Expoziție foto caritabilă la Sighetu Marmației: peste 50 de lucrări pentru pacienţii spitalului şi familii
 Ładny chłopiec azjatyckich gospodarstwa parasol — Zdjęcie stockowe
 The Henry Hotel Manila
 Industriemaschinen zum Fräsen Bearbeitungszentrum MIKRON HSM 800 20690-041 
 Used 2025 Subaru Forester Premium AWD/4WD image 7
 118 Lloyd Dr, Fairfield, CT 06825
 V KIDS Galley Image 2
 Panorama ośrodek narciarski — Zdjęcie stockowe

- WHAT YOU NEED TO DO -
The response should be an exact copy of every line above.

- EXERCISE OUTPUT -
Expoziție foto caritabilă la Sighetu Marmației: peste 50 de lucrări pentru pacienţii spitalului şi familii
 Ładny chłopiec azjatyckich gospodarstwa parasol — Zdjęcie stockowe
 The Henry Hotel Manila
 Industriemaschinen zum Fräsen Bearbeitungszentrum MIKRON HSM 800 20690-041 
 Used 2025 Subaru Forester Premium AWD/4WD image 7
 118 Lloyd Dr, Fairfield, CT 06825
 V KIDS Galley Image 2
 Panorama ośrodek narciarski — Zdjęcie stockowe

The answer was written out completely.